此題與1.32、1.33是一個系列題,沒什么難度,只不過把sum的加改成乘就可以了,遞歸與迭代版本相應修改即可:
;(define (product term a next b)
; (if (> a b)
; 1
; (* (term a) (product term (next a) next b))))
(define (product-iter term a next b result)
(if (> a b)
result
(product-iter term (next a) next b (* result (term a)))))
分號注釋的是遞歸版本。利用product過程生成一個計算pi的過程,也是很簡單,通過觀察公式的規律即可得出:
(define (product term a next b)
(product-iter term a next b 1))
(define (inc x) (+ x 2))
(define (pi-term n)(/ (* (- n 1) (+ n 1)) (* n n)))
(define (product-pi a b)
(product pi-term a inc b))
測試一下:
> (* 4 (product-pi 3 1000))
3.1431638424191978569077933
再來看習題1.32,如果說sum和product過程是一定程度的抽象,將對累積項和下一項的處理抽象為過程作為參數提取出來,那么這個題目要求將累積的操作也作為參數提取出來,是更高層次的抽象,同樣也難不倒我們:
(define (accumulate combiner null-value term a next b)
(if (> a b)
null-value
(combiner (term a) (accumulate combiner null-value term (next a) next b))))

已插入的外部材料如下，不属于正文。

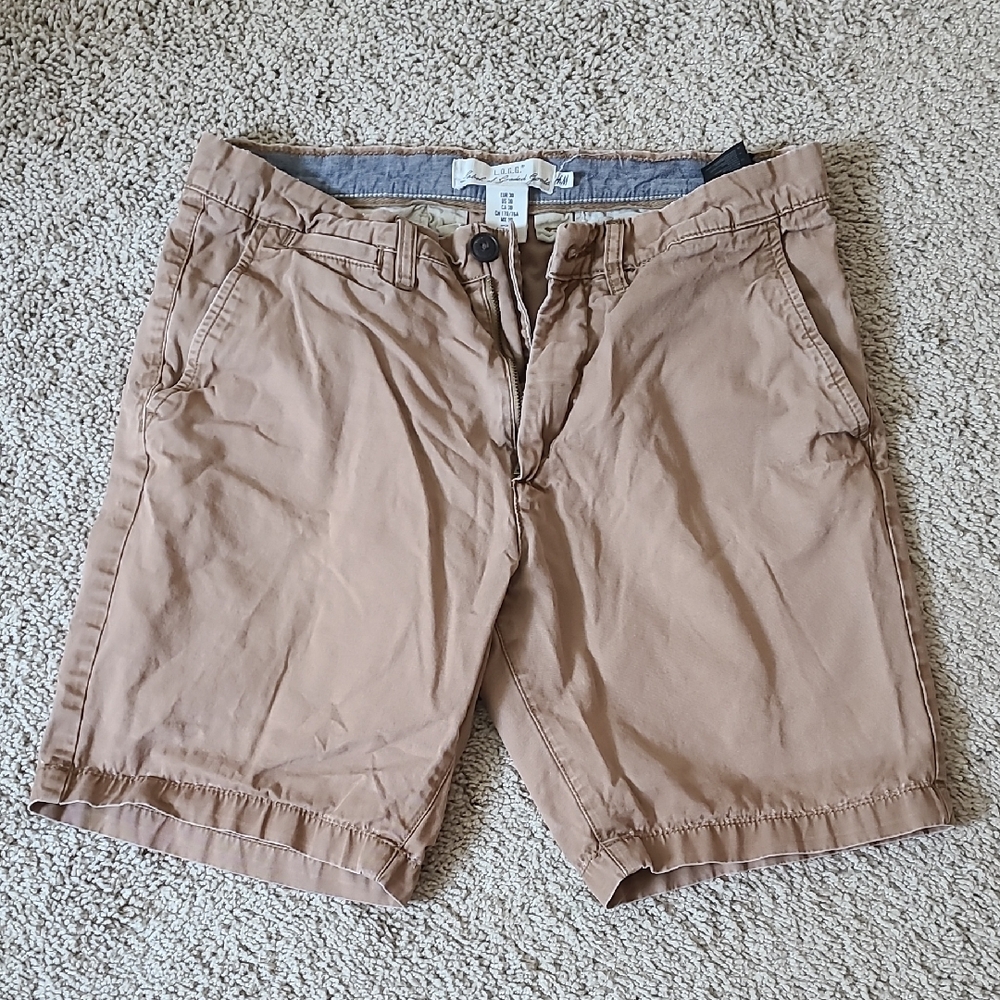 Men's Tan Shorts 30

OK,其中combiner是進行累積的操作,而null-value值基本值。現在改寫sum和product過程,對于sum過程來說,累積的操作就是加法,而基本值當然是0了:
(define (sum term a next b)
(accumulate + 0 term a next b))
而對于product,累積操作是乘法,而基本值是1,因此:
(define (product term a next b)
(accumulate * 1 term a next b))
測試一下過去寫的那些測試程序,比如生成pi的過程,可以驗證一切正常!
上面的accumulate過程是遞歸版本,對應的迭代版本也很容易改寫了:
(define (accumulate-iter combiner term a next b result)
(if (> a b)
result
(accumulate-iter combiner term (next a) next b (combiner result (term a)))))
(define (accumulate combiner null-value term a next b)

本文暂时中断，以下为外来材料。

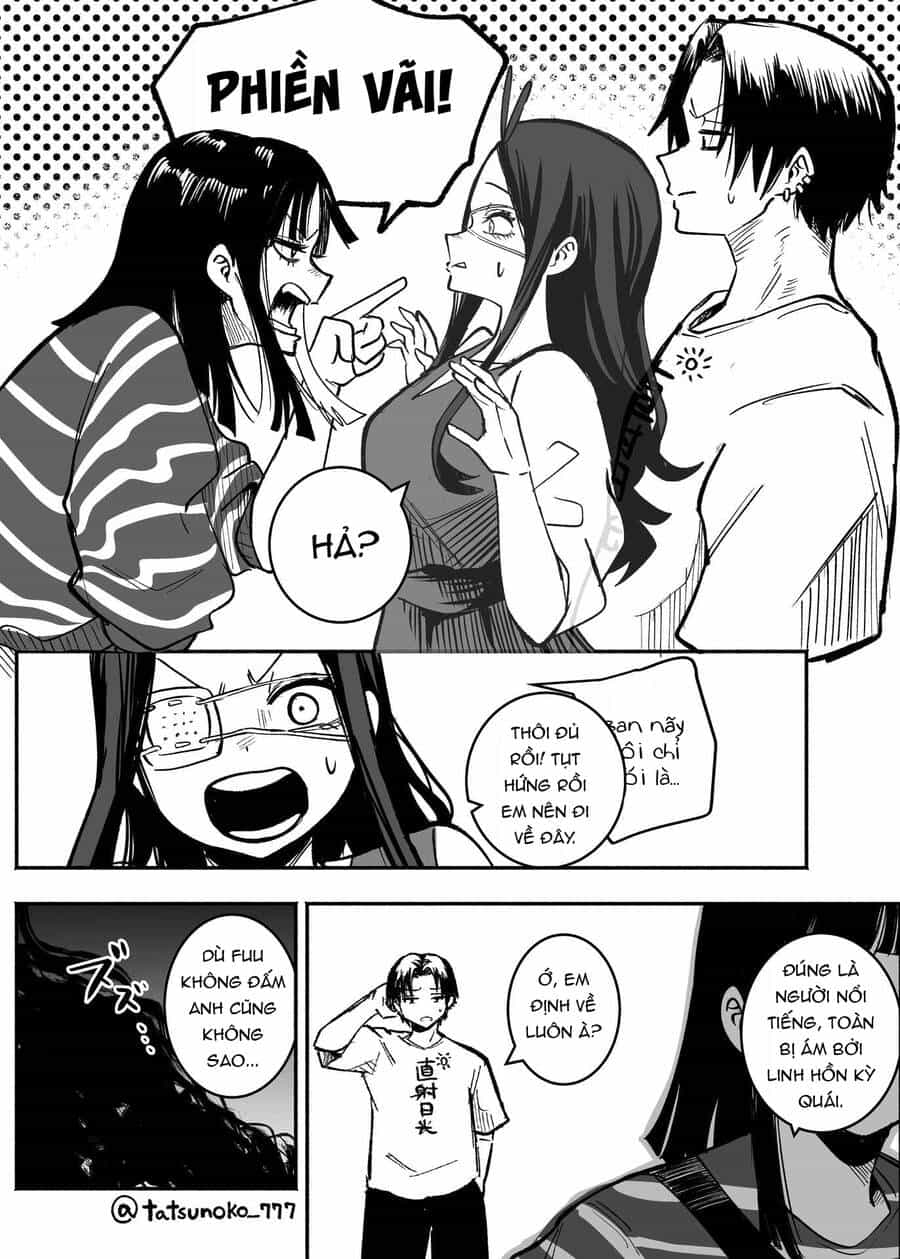 Tớ Không Thể Chạm Vào Cậu Được Nữa ~ Mou Furenai Kimi - Chương 22 - ảnh 7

(accumulate-iter combiner term a next b null-value))
再看習題1.33,在accumulate的基礎上多增加一個filter的參數(也是一個過程,用于判斷項是否符合要求),在accumulate的基礎上稍微修改下,在每次累積之前進行判斷即可:
(define (filtered-accumulate combiner null-value term a next b filter)
(cond ((> a b) null-value)
((filter a) (combiner (term a) (filtered-accumulate combiner null-value term (next a) next b filter)))

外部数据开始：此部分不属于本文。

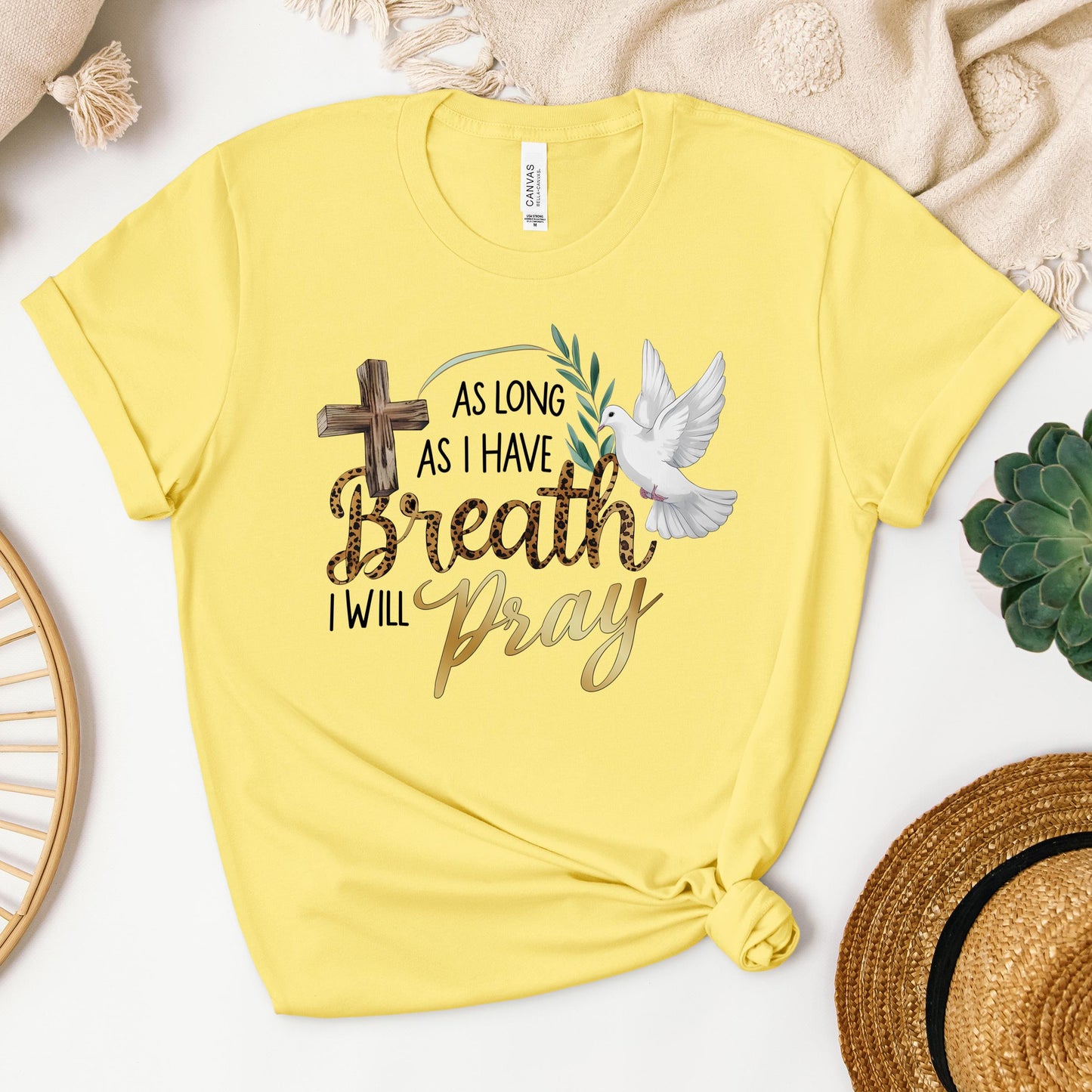 As Long As I Have Breathe I Will Pray 01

(else (filtered-accumulate combiner null-value term (next a) next b filter))))
比如,求a到b中的所有素數之和的過程可以寫為(利用以前寫的prime?過程來判斷素數):
(define (sum-primes a b)
(filtered-accumulate + 0 identity a inc b prime?))
測試一下:
> (sum-primes 2 4)
5
> (sum-primes 2 7)
17
> (sum-primes 2 11)
28
> (sum-primes 2 100)
1060